Douthat’s critics are right to complain about his propensity to issue simplistic assessments of complex scholarly controversies in which he is not well-versed. His chapter on contemporary Jesus scholarship, for instance, is based mainly on news articles, not academic reviews or a personal familiarity with the issues at stake. Finally, while the remedies that Douthat proposes in his concluding chapter are laudable, some of them are so vague as to be almost meaningless, and most of them are hardly new ideas.

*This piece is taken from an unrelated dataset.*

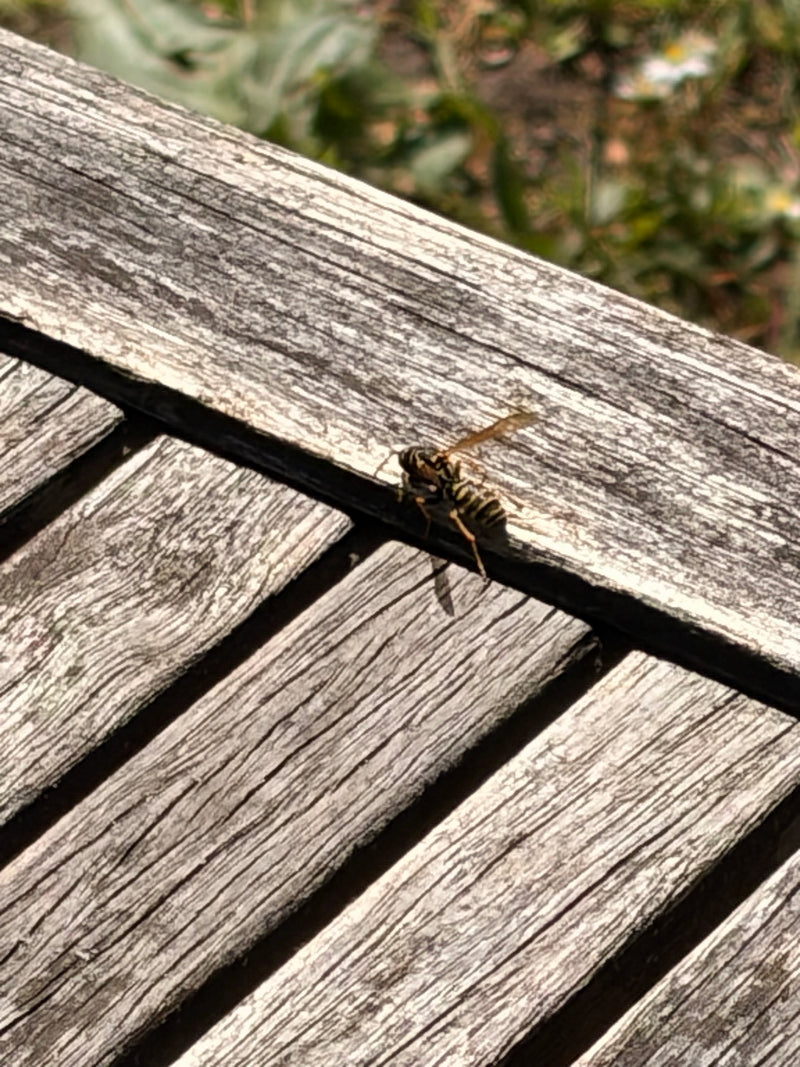 Gemeine Wespe — Bild 2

Yet in spite of these critiques, I believe that Douthat has succeeded admirably in shedding new light on a pervasive phenomenon—the triumph of the therapeutic over orthodoxy in American Christianity. The United States really has become a nation in which orthodox truth claims are viewed with suspicion and in which even many conservative Christians are very selective in their adherence to official church teachings or biblical mandates. Douthat’s book explains why. Despite my quibbles with some of the details, the general narrative that Douthat presents is insightful and accurate. I am particularly impressed with the perceptive connections that Douthat has drawn between seemingly disparate phenomena. His synthesis is original and thought-provoking.
As a work of history or social science, Bad Religion may fall short, but as an insightful commentary, it is first-rate. Douthat has accurately identified a problem in America, and he has written a book that should give Americans on both sides of the political divide much to consider.
Christian orthodoxy is no doubt a more demanding proposition than mere conservatism or any other political or religious program. But as Douthat’s book demonstrates, it ultimately offers a much stronger moral foundation than the narcissistic spiritual pabulum that has pervaded the culture. If Douthat earns mixed reviews as a historian, he nevertheless succeeds as a prophet. I, for one, think there’s something worth heeding in his jeremiad.
Daniel K. Williams is an associate professor of history at the University of West Georgia, and he is the author of God’s Own Party: The Making of the Christian Right. Professor Williams is a visiting fellow in the James Madison Program at Princeton University during the 2011–2012 academic year.